● Task description: Set down, exactly and with no pictures, the line that contains "AFRM Black Long Sleeve Turtleneck Maxi Dress" and all lines after it in the listing.

● The records:
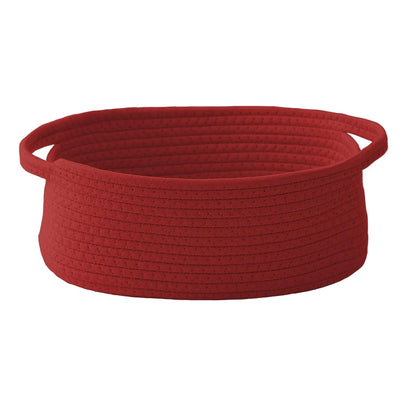 Small Woven Rope Storage Basket in Red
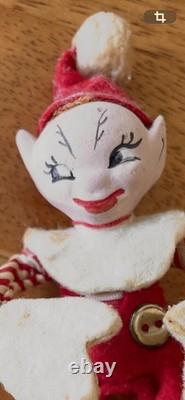 Vintage Christmas Holiday House Jump Jump Elves Lot of Two Pixies Poseable 1940s
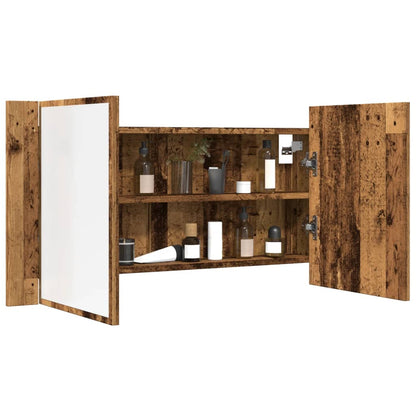 Baderomsspeil Speilskap med LED Gammelt Tre 90x12x45 cm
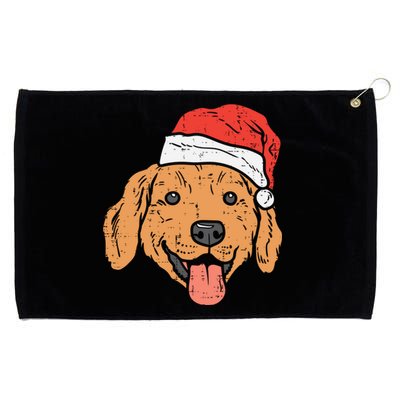 Santa Hat Golden Retriever Christmas Xmas Pj Dog Lover Owner Gift Grommeted Golf Towel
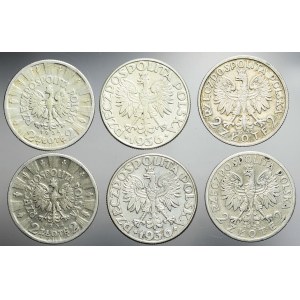 Zestaw sześciu monet 2 złote 1932-1936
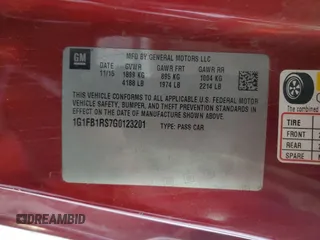 2016 Chevrolet Camaro 1LT z VIN 1G1FB1RS7G0123201, wystawiony jako Copart lot #55422965 z przebiegiem 92 919 mil mil oraz Szkoda całkowita • Salvage title. Historia ofert i sprzedaży dostępna na DreamBid. Obrazek 12.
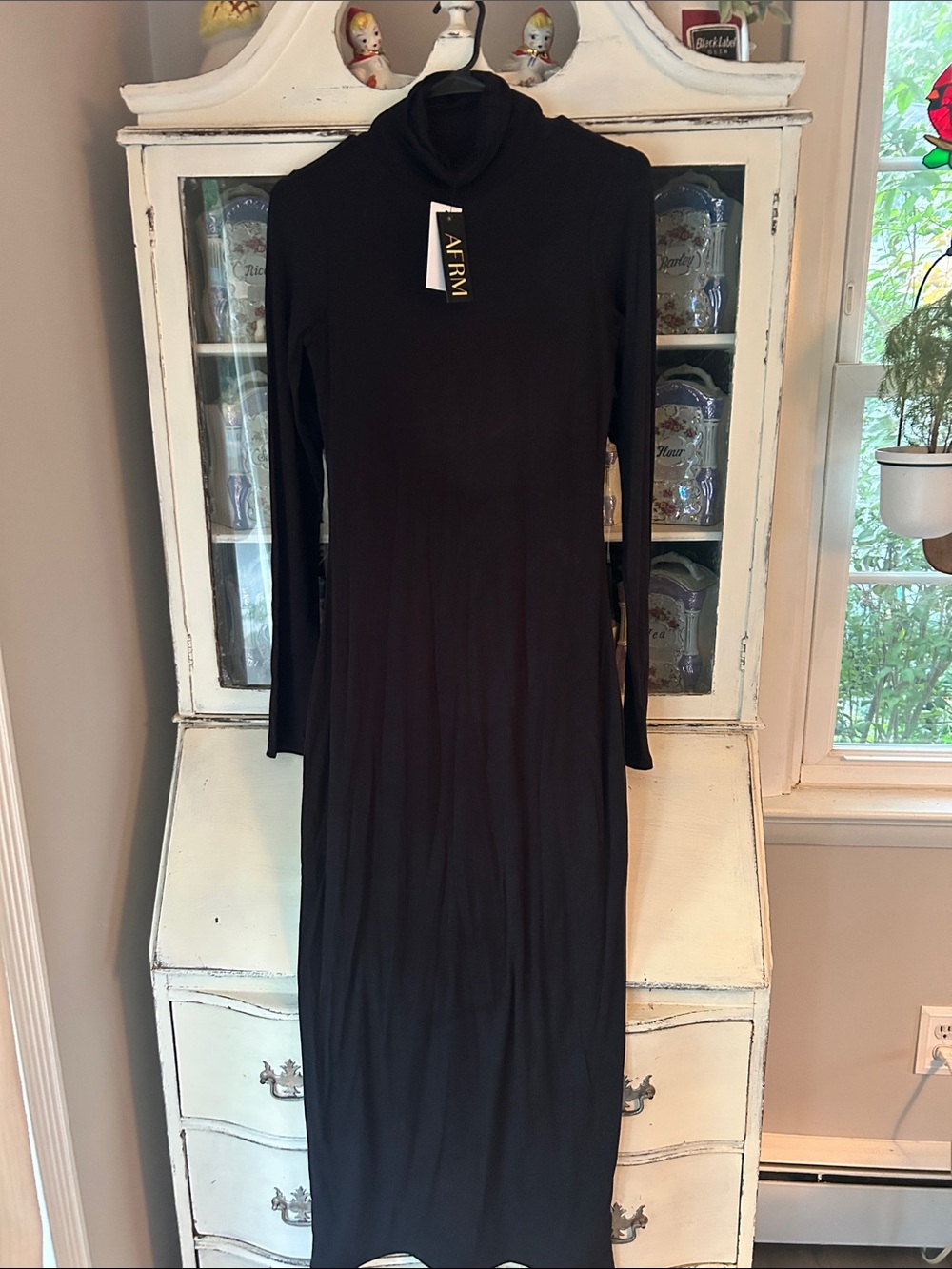 AFRM Black Long Sleeve Turtleneck Maxi Dress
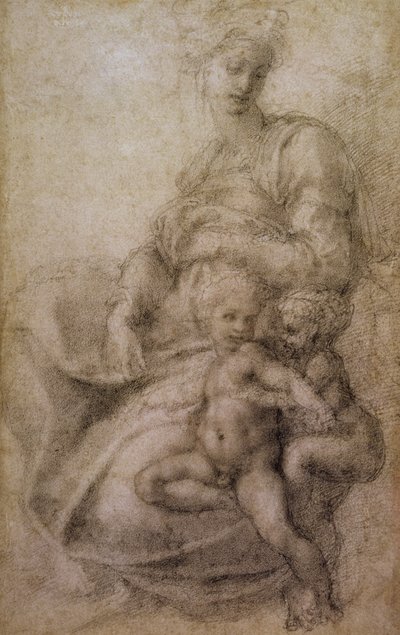 The Virgin and Child with the Infant Baptist, c.1530 by Michelangelo Buonarroti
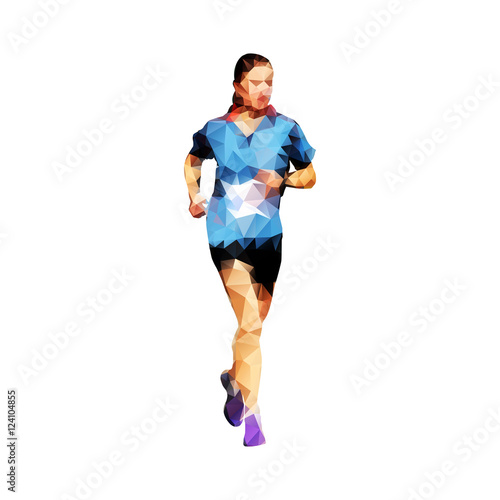 Run, running woman, geometrical vector silhouette. Summer sport.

● Exercise answer:
 AFRM Black Long Sleeve Turtleneck Maxi Dress
 The Virgin and Child with the Infant Baptist, c.1530 by Michelangelo Buonarroti
 Run, running woman, geometrical vector silhouette. Summer sport.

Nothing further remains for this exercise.